O vinho de Madiran ganhou prestígio a partir do século XII, com a chegada dos monges beneditinos à Abadia de Madiran. Tendo-se tornado vinho de missa, a sua fama ultrapassou rapidamente as fronteiras, graças aos peregrinos de Santiago de Compostela. Francisco I e a Corte de Inglaterra transformaram-no num verdadeiro «Vinho dos Senhores».

Com 1 300 hectares de vinhas, distribuídas por três departamentos, Madiran é uma região vinícola de encostas.

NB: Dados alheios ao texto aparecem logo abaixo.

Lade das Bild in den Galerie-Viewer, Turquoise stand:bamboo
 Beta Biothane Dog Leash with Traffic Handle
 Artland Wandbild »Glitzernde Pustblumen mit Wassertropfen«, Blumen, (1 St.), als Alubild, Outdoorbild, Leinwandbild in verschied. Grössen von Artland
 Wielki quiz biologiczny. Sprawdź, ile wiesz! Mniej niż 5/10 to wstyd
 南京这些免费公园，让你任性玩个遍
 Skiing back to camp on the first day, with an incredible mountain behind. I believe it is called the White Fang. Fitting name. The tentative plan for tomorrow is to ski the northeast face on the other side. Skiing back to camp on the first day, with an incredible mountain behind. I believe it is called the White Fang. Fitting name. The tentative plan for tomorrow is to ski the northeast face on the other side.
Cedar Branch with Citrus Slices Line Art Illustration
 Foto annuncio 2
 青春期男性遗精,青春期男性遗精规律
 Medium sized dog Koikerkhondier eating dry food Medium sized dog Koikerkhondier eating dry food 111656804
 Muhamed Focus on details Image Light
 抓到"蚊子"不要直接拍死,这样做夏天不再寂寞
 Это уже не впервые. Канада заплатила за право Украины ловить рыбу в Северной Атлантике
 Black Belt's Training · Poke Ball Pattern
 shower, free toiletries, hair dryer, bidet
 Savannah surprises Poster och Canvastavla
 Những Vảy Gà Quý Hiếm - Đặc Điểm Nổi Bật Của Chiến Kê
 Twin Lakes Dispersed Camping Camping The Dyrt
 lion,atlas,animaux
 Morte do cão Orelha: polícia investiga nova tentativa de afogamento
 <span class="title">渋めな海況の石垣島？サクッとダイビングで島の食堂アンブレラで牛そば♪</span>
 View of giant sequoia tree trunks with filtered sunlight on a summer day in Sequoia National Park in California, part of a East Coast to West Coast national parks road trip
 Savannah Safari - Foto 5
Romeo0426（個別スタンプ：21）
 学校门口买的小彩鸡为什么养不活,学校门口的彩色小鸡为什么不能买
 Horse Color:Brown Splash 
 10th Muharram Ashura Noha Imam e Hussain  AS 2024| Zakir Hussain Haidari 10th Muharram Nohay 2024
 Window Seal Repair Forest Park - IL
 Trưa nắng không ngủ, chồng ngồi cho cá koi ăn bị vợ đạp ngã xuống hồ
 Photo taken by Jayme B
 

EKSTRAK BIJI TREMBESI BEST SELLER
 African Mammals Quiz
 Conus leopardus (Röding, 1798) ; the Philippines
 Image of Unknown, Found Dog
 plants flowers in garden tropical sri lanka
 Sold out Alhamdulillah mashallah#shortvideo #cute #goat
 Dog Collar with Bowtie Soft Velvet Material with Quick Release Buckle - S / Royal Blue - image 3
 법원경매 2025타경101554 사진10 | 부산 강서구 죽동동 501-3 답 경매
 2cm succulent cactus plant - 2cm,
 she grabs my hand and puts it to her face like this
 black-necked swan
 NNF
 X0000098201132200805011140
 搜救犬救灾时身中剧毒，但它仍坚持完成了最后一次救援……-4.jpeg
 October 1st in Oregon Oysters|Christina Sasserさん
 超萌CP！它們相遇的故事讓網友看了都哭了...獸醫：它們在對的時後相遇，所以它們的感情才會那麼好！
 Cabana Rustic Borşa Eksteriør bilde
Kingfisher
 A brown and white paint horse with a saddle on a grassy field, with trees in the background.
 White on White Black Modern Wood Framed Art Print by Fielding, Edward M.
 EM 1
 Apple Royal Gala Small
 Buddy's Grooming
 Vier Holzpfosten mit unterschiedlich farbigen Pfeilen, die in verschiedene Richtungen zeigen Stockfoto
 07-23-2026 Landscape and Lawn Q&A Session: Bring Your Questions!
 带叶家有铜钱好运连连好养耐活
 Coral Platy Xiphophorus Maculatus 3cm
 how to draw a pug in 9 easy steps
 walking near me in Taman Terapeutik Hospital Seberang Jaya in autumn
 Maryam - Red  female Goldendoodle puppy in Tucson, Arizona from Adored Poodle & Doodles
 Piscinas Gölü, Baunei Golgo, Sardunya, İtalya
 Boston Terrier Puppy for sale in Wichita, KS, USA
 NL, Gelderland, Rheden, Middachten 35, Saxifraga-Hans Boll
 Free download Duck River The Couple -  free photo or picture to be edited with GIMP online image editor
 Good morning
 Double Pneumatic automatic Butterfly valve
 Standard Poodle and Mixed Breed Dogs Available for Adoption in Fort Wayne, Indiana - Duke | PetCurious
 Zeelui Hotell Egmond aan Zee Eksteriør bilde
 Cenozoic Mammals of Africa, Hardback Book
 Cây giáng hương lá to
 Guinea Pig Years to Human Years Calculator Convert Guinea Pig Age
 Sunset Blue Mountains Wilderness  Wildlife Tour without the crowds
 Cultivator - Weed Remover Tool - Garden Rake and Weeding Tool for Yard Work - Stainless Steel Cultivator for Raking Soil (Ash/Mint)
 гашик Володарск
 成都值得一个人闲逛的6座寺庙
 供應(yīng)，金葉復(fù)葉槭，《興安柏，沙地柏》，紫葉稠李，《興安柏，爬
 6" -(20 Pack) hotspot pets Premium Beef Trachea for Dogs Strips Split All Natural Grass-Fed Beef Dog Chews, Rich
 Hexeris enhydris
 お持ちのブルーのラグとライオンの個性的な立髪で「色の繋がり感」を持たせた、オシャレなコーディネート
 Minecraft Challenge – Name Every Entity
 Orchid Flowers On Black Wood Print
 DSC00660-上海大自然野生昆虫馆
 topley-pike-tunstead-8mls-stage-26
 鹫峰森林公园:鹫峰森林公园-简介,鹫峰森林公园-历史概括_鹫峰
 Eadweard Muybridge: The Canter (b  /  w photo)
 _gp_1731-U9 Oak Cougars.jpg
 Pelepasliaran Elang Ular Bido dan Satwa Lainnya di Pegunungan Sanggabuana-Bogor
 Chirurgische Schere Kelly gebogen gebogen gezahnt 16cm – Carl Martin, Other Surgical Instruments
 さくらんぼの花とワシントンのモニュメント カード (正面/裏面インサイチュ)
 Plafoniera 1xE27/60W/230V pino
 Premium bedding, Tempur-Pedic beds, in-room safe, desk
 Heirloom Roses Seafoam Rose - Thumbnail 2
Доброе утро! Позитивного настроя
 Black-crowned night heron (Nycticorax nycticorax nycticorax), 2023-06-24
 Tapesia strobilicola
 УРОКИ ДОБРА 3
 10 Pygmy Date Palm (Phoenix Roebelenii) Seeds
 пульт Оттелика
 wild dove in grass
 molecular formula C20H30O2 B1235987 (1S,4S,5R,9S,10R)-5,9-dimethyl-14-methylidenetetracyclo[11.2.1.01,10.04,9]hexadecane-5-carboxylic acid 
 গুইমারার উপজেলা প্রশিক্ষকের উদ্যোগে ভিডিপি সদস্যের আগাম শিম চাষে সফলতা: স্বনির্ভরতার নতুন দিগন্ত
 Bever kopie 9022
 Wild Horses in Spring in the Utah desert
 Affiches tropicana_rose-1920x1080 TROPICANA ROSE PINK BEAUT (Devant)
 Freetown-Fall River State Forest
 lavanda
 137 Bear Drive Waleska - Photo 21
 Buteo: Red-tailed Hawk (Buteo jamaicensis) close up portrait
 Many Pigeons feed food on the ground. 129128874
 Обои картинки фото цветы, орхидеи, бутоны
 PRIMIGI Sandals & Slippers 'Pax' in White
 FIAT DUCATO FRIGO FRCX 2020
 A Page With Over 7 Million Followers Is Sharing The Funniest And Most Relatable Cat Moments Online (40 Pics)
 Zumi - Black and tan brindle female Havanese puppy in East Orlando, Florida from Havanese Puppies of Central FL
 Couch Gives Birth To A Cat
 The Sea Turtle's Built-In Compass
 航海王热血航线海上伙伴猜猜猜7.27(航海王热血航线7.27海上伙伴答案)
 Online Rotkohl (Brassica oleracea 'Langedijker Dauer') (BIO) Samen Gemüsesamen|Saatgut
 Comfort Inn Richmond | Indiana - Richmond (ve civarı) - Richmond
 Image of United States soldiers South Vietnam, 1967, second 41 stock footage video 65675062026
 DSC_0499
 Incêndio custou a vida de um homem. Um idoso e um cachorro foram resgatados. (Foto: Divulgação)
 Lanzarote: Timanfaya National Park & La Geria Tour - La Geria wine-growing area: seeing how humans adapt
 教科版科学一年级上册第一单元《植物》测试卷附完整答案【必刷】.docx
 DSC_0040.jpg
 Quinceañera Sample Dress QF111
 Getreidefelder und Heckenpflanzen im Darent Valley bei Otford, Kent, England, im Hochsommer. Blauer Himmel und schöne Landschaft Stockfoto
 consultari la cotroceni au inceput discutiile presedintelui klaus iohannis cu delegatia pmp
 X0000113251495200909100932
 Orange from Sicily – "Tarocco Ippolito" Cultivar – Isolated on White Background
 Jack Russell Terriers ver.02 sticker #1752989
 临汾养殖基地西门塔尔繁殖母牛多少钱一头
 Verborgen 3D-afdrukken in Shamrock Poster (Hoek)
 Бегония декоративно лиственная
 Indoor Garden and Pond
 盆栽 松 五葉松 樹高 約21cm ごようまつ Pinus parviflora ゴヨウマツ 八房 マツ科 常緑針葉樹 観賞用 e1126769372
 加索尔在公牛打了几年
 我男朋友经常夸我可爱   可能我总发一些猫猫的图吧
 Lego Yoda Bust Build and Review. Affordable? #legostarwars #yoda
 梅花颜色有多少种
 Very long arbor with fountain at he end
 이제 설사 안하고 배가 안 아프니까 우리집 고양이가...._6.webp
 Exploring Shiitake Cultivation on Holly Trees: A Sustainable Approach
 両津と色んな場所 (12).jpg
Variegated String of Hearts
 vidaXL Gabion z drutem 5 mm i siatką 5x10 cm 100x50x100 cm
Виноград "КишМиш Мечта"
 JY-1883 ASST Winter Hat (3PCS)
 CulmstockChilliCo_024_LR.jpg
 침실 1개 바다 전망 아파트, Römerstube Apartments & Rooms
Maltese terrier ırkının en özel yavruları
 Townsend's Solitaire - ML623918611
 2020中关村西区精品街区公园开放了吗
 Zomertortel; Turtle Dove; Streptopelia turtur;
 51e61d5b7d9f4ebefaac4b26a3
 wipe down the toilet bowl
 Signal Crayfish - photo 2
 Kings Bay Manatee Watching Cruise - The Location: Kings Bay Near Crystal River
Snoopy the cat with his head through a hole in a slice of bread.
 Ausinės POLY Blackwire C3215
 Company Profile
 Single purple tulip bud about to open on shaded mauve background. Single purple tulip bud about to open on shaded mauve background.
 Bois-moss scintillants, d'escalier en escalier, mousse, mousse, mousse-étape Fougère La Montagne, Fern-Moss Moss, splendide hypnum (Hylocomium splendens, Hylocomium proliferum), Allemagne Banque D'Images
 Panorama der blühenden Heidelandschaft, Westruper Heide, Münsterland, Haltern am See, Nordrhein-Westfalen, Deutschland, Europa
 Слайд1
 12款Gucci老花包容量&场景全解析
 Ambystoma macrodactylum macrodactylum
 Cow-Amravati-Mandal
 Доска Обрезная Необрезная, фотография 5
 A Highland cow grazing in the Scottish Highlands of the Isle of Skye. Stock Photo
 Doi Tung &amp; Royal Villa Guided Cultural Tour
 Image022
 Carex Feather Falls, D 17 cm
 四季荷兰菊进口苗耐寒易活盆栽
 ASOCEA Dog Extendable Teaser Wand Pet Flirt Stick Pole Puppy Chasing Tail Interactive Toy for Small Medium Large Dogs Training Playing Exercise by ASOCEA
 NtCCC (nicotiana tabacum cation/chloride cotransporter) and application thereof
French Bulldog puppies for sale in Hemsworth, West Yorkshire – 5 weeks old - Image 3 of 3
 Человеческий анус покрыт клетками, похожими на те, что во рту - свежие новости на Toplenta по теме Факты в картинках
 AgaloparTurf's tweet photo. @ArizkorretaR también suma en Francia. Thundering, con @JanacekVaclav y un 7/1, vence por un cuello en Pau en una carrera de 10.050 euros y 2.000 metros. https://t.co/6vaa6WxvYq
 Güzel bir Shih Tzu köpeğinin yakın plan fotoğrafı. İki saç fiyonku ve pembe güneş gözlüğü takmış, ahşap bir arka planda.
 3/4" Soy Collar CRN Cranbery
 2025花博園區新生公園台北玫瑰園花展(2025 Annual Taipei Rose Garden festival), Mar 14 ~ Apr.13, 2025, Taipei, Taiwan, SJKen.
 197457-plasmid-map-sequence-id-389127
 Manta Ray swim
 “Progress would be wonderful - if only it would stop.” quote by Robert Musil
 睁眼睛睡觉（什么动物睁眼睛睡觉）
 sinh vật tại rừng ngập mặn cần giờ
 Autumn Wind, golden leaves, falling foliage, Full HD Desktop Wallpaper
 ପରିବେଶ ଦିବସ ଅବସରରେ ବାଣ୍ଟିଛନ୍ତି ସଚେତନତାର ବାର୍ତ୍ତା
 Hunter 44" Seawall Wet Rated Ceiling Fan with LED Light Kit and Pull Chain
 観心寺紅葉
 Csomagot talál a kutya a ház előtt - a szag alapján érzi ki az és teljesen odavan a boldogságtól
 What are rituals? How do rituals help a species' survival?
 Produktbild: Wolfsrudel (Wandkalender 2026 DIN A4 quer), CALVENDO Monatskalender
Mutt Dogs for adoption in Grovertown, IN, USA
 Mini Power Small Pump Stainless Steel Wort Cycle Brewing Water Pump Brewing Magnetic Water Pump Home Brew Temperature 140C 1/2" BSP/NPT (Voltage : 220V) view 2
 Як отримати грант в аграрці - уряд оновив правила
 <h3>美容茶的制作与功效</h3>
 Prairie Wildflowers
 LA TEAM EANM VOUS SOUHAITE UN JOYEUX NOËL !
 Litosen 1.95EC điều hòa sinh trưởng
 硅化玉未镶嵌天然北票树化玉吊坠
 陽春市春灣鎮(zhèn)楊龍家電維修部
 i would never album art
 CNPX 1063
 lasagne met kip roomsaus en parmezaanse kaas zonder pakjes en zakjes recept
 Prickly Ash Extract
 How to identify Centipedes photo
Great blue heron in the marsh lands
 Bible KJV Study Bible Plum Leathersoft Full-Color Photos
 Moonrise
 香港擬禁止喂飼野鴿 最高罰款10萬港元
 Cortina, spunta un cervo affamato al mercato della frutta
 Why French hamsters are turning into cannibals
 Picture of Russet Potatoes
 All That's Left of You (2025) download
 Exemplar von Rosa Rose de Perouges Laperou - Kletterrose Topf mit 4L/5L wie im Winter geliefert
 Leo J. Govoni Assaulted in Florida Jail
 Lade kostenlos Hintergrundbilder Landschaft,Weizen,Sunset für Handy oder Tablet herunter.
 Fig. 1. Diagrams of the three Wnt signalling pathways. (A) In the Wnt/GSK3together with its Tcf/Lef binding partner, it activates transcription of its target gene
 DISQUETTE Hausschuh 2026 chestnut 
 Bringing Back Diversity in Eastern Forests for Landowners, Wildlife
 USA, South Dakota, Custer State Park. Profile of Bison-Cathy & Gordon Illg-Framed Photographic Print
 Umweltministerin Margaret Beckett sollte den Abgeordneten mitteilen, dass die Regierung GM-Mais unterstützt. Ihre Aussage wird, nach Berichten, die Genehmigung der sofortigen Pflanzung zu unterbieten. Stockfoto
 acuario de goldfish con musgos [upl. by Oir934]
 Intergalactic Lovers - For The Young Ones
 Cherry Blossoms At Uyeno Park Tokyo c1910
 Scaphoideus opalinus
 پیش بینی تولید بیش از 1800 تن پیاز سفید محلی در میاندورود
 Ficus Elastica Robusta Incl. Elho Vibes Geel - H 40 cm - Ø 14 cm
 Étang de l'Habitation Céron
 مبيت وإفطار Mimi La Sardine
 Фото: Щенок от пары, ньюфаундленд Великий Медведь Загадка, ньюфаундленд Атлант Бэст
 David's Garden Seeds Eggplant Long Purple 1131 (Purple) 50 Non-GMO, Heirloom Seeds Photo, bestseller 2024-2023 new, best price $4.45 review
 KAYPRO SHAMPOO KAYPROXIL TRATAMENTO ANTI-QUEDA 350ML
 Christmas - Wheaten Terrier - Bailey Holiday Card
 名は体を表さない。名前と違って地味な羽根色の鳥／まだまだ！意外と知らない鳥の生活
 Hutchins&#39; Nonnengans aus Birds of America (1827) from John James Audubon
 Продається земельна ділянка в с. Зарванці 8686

Colorido e tânico, é um vinho encorpado que envelhece bem e acompanha na perfeição os pratos tradicionais e os queijos da região. Pode ser degustado diretamente nas propriedades dos produtores ou nas adegas cooperativas da região. Está presente em todas as mesas dos restaurantes de Lourdes e nas lojas locais.

No que diz respeito ao Béarn, O Jurançon

Os primeiros registos relativos a uma transação vitícola naAbadia de Saint-Vincent (Lucq de Béarn) datam de 988. Em 1552, Henrique II de Albret comprou uma vinha em Jurançon, mas foi a 12 de dezembro de 1553 que o Jurançon entrou em grande estilo na história de França, graças ao batismo com Jurançon do futuro rei de França, Henrique IV.

Vinhos brancos secos ou doces, vinhos vivazes e generosos, com aromas a baga de uva e flores de tojo, com um toque de fruta exótica. Este vinho dourado, profundo e vivo, possui uma notável capacidade de envelhecimento.

É particularmente recomendado como aperitivo, acompanhando tradicionalmente fígados de ganso ou de pato frescos ou confitados e queijo de ovelha.

Delicioso Pacherenc do Vic-Bilh

Embora muitas vezes fiquem na sombra do Madiran, os vinhos de Pacherenc du Vic-Bilh merecem, no entanto, uma visita. Produzidos nas mesmas encostas, seduzem pela sua frescura, delicadeza e rica paleta aromática.

Secos ou meio-doces, estes vinhos brancos excecionais são tradicionalmente servidos como vinhos licorosos nas mesas festivas, acompanhando o foie gras.

O consumo excessivo de álcool é prejudicial à saúde; consuma com moderação.